What may be unusual for Flynn, Garrett Childers and Eric Davis (the members of the band present) still reeks of the high pop polish that Hembree and its former incarnation, Quiet Corral, always display. Any performance of theirs (including this one) always seems to suggest that with a little luck – playing in front of the right audience at the right time – Hembree could be snatched from our arms and shot up to a national stage.
Another act polished to a fine shine: The Grisly Hand. Lauren Krum and her comrades had plenty of their talents on display for a packed ballroom. Krum’s beauty and magnetism were a strong crowd pull on this first night, and she toasted those both on vacation for the conference and the locals having to head back to work in the morning.
The conference has done well with the ballroom concert setups this year. At last year’s conference, the rooms – being, well, the meeting rooms they were – could feel a bit dry. This year, however, black curtains darkened the stage setup, giving it a more professional and venuelike feel, and the result was much more seductive than it has been in the past. For a large band like the Grisly Hand (and for many of the acts to come), this is a huge benefit.

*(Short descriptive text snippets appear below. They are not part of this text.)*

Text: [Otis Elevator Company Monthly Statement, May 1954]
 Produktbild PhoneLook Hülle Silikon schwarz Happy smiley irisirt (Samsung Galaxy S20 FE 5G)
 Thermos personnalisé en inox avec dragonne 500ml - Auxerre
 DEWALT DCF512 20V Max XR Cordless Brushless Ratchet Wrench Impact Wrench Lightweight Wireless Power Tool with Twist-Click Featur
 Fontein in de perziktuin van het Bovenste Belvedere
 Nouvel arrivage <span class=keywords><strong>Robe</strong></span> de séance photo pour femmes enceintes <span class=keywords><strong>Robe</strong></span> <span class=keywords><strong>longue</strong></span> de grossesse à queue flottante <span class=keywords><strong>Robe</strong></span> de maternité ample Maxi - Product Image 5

Next door in one of the cozier breakout rooms, the Blackbird Revue delivered a sweet performance for a receptive crowd of about 20. Jacob and Danielle Prestige should garner a lot of love during this round of FAI. Their gentle harmonies, looping guitars, kick drums, ukulele and keyboards just feel right for this conference, and the pair’s modest and funny stage presence should work even better in the hotel-room showcases that occur later in the evenings.
The final act we caught before the official showcases ended was AY Musik, the X-Factor-featured hip-hop act of Aaron Young, singer Hailey Canalas (not present) and live drums. Young’s infectious smile and (initially) nervous delivery kept the crowd around during a few technical difficulties.
Once those were plowed through, Young had audience members dancing in their seats. A highlight was when he invited Eames, a keyboardist and singer who never even looked at his keyboard, to perform for one song.
Perhaps the most special part of FAI takes place in the hotel-room showcases that begin, usually, around 11 p.m. People move furniture out of the rooms and create performance vignettes. Hallways are plastered with posters highlighting the artists playing throughout the conference, and tables overflow with business cards and merchandise.
Our night ended rather perfectly with one of these room sets, thanks to Chad Elliott. Part of what makes this conference so great is, we just wandered into the room, not knowing who he was or what to expect. What we got was an Americana Music Award-winning artist with nearly 20 albums under his belt and some truly beautiful music, including a hauntingly pretty song about Texas. If this is the kind of thing you can bump into without any effort, one can only imagine what is to come the rest of the week.